*** RECORDS SHOWN Section Begins ***

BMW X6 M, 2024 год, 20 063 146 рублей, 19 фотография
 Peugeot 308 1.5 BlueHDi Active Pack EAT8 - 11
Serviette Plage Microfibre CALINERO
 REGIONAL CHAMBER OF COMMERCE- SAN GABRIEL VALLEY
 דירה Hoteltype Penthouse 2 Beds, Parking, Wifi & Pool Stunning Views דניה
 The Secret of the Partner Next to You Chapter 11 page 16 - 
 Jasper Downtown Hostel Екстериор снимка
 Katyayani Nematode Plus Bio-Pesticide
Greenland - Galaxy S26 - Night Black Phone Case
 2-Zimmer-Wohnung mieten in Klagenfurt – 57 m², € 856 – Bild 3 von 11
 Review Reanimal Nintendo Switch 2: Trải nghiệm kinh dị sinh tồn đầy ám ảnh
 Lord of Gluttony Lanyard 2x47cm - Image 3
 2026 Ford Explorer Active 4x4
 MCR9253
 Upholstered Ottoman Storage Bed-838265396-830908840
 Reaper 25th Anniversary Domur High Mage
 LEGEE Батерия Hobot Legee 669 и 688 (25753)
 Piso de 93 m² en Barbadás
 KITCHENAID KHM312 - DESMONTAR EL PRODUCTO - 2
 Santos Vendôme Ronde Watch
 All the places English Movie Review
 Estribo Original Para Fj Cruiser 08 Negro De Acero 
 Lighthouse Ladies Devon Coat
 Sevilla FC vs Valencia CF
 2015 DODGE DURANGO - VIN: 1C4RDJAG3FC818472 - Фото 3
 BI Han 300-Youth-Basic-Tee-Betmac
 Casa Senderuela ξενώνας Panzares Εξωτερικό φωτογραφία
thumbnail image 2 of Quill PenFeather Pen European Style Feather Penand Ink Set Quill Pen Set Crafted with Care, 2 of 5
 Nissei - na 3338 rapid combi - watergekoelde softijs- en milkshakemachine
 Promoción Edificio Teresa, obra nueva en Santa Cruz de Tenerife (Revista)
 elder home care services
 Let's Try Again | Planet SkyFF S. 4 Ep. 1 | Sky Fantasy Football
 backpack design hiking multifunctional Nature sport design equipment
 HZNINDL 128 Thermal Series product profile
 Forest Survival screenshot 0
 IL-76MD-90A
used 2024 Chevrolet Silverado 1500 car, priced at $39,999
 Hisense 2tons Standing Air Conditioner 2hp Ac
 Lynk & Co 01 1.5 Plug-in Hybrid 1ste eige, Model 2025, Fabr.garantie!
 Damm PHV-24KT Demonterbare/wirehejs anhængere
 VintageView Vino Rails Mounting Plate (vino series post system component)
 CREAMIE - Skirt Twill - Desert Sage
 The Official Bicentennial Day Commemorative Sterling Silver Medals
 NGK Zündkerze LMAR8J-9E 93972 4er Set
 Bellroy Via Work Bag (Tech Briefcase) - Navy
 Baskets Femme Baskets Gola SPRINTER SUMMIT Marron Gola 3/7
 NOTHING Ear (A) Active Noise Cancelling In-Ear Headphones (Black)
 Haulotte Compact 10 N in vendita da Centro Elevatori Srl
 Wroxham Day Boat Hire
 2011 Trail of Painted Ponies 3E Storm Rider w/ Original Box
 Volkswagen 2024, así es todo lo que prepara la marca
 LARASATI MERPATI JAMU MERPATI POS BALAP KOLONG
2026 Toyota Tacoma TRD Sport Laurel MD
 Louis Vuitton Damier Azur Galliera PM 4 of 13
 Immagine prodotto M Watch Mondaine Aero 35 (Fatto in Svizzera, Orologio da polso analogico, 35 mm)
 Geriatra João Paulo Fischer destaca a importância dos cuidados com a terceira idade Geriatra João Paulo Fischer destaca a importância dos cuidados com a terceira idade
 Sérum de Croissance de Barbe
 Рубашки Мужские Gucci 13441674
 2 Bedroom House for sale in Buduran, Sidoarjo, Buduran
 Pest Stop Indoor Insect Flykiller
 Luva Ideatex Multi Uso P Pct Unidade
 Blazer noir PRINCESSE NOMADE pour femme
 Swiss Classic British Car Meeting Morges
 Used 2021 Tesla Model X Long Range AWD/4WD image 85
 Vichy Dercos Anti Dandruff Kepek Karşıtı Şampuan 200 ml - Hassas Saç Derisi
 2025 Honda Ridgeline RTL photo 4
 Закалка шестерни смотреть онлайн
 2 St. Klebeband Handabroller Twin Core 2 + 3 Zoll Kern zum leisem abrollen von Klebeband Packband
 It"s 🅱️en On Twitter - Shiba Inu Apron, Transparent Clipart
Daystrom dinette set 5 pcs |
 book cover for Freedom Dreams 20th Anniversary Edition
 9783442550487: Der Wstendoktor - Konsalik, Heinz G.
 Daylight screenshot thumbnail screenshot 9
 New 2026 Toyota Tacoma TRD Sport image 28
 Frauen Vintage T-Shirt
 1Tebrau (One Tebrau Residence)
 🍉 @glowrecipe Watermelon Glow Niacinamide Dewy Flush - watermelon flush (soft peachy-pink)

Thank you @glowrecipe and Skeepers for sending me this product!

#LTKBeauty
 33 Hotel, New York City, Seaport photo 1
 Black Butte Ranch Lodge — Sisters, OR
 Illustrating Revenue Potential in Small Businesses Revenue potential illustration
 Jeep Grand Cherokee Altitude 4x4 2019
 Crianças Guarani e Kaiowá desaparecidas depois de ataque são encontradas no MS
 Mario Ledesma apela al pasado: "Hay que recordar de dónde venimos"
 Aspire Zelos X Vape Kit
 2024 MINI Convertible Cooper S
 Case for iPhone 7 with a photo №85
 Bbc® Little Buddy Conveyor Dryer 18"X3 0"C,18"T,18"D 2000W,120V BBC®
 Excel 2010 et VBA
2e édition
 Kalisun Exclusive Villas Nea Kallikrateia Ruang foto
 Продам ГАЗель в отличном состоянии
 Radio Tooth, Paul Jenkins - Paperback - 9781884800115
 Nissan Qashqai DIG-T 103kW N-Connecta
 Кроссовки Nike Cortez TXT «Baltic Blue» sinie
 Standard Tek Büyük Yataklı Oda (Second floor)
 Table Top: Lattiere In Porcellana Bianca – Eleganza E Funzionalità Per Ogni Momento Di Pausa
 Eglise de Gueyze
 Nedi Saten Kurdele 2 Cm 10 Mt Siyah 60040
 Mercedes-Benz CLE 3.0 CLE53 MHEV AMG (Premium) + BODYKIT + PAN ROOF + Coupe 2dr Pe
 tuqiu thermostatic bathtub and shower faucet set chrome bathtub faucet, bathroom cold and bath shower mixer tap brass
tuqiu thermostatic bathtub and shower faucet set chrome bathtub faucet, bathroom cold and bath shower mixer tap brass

*** RECORDS SHOWN Section Ends ***

#### [WHAT IS REQUIRED]
All of the records above must be reproduced exactly.

#### [SOLUTION BELOW]
BMW X6 M, 2024 год, 20 063 146 рублей, 19 фотография
 Peugeot 308 1.5 BlueHDi Active Pack EAT8 - 11
Serviette Plage Microfibre CALINERO
 REGIONAL CHAMBER OF COMMERCE- SAN GABRIEL VALLEY
 דירה Hoteltype Penthouse 2 Beds, Parking, Wifi & Pool Stunning Views דניה
 The Secret of the Partner Next to You Chapter 11 page 16 - 
 Jasper Downtown Hostel Екстериор снимка
 Katyayani Nematode Plus Bio-Pesticide
Greenland - Galaxy S26 - Night Black Phone Case
 2-Zimmer-Wohnung mieten in Klagenfurt – 57 m², € 856 – Bild 3 von 11
 Review Reanimal Nintendo Switch 2: Trải nghiệm kinh dị sinh tồn đầy ám ảnh
 Lord of Gluttony Lanyard 2x47cm - Image 3
 2026 Ford Explorer Active 4x4
 MCR9253
 Upholstered Ottoman Storage Bed-838265396-830908840
 Reaper 25th Anniversary Domur High Mage
 LEGEE Батерия Hobot Legee 669 и 688 (25753)
 Piso de 93 m² en Barbadás
 KITCHENAID KHM312 - DESMONTAR EL PRODUCTO - 2
 Santos Vendôme Ronde Watch
 All the places English Movie Review
 Estribo Original Para Fj Cruiser 08 Negro De Acero 
 Lighthouse Ladies Devon Coat
 Sevilla FC vs Valencia CF
 2015 DODGE DURANGO - VIN: 1C4RDJAG3FC818472 - Фото 3
 BI Han 300-Youth-Basic-Tee-Betmac
 Casa Senderuela ξενώνας Panzares Εξωτερικό φωτογραφία
thumbnail image 2 of Quill PenFeather Pen European Style Feather Penand Ink Set Quill Pen Set Crafted with Care, 2 of 5
 Nissei - na 3338 rapid combi - watergekoelde softijs- en milkshakemachine
 Promoción Edificio Teresa, obra nueva en Santa Cruz de Tenerife (Revista)
 elder home care services
 Let's Try Again | Planet SkyFF S. 4 Ep. 1 | Sky Fantasy Football
 backpack design hiking multifunctional Nature sport design equipment
 HZNINDL 128 Thermal Series product profile
 Forest Survival screenshot 0
 IL-76MD-90A
used 2024 Chevrolet Silverado 1500 car, priced at $39,999
 Hisense 2tons Standing Air Conditioner 2hp Ac
 Lynk & Co 01 1.5 Plug-in Hybrid 1ste eige, Model 2025, Fabr.garantie!
 Damm PHV-24KT Demonterbare/wirehejs anhængere
 VintageView Vino Rails Mounting Plate (vino series post system component)
 CREAMIE - Skirt Twill - Desert Sage
 The Official Bicentennial Day Commemorative Sterling Silver Medals
 NGK Zündkerze LMAR8J-9E 93972 4er Set
 Bellroy Via Work Bag (Tech Briefcase) - Navy
 Baskets Femme Baskets Gola SPRINTER SUMMIT Marron Gola 3/7
 NOTHING Ear (A) Active Noise Cancelling In-Ear Headphones (Black)
 Haulotte Compact 10 N in vendita da Centro Elevatori Srl
 Wroxham Day Boat Hire
 2011 Trail of Painted Ponies 3E Storm Rider w/ Original Box
 Volkswagen 2024, así es todo lo que prepara la marca
 LARASATI MERPATI JAMU MERPATI POS BALAP KOLONG
2026 Toyota Tacoma TRD Sport Laurel MD
 Louis Vuitton Damier Azur Galliera PM 4 of 13
 Immagine prodotto M Watch Mondaine Aero 35 (Fatto in Svizzera, Orologio da polso analogico, 35 mm)
 Geriatra João Paulo Fischer destaca a importância dos cuidados com a terceira idade Geriatra João Paulo Fischer destaca a importância dos cuidados com a terceira idade
 Sérum de Croissance de Barbe
 Рубашки Мужские Gucci 13441674
 2 Bedroom House for sale in Buduran, Sidoarjo, Buduran
 Pest Stop Indoor Insect Flykiller
 Luva Ideatex Multi Uso P Pct Unidade
 Blazer noir PRINCESSE NOMADE pour femme
 Swiss Classic British Car Meeting Morges
 Used 2021 Tesla Model X Long Range AWD/4WD image 85
 Vichy Dercos Anti Dandruff Kepek Karşıtı Şampuan 200 ml - Hassas Saç Derisi
 2025 Honda Ridgeline RTL photo 4
 Закалка шестерни смотреть онлайн
 2 St. Klebeband Handabroller Twin Core 2 + 3 Zoll Kern zum leisem abrollen von Klebeband Packband
 It"s 🅱️en On Twitter - Shiba Inu Apron, Transparent Clipart
Daystrom dinette set 5 pcs |
 book cover for Freedom Dreams 20th Anniversary Edition
 9783442550487: Der Wstendoktor - Konsalik, Heinz G.
 Daylight screenshot thumbnail screenshot 9
 New 2026 Toyota Tacoma TRD Sport image 28
 Frauen Vintage T-Shirt
 1Tebrau (One Tebrau Residence)
 🍉 @glowrecipe Watermelon Glow Niacinamide Dewy Flush - watermelon flush (soft peachy-pink)

Thank you @glowrecipe and Skeepers for sending me this product!

#LTKBeauty
 33 Hotel, New York City, Seaport photo 1
 Black Butte Ranch Lodge — Sisters, OR
 Illustrating Revenue Potential in Small Businesses Revenue potential illustration
 Jeep Grand Cherokee Altitude 4x4 2019
 Crianças Guarani e Kaiowá desaparecidas depois de ataque são encontradas no MS
 Mario Ledesma apela al pasado: "Hay que recordar de dónde venimos"
 Aspire Zelos X Vape Kit
 2024 MINI Convertible Cooper S
 Case for iPhone 7 with a photo №85
 Bbc® Little Buddy Conveyor Dryer 18"X3 0"C,18"T,18"D 2000W,120V BBC®
 Excel 2010 et VBA
2e édition
 Kalisun Exclusive Villas Nea Kallikrateia Ruang foto
 Продам ГАЗель в отличном состоянии
 Radio Tooth, Paul Jenkins - Paperback - 9781884800115
 Nissan Qashqai DIG-T 103kW N-Connecta
 Кроссовки Nike Cortez TXT «Baltic Blue» sinie
 Standard Tek Büyük Yataklı Oda (Second floor)
 Table Top: Lattiere In Porcellana Bianca – Eleganza E Funzionalità Per Ogni Momento Di Pausa
 Eglise de Gueyze
 Nedi Saten Kurdele 2 Cm 10 Mt Siyah 60040
 Mercedes-Benz CLE 3.0 CLE53 MHEV AMG (Premium) + BODYKIT + PAN ROOF + Coupe 2dr Pe
 tuqiu thermostatic bathtub and shower faucet set chrome bathtub faucet, bathroom cold and bath shower mixer tap brass
tuqiu thermostatic bathtub and shower faucet set chrome bathtub faucet, bathroom cold and bath shower mixer tap brass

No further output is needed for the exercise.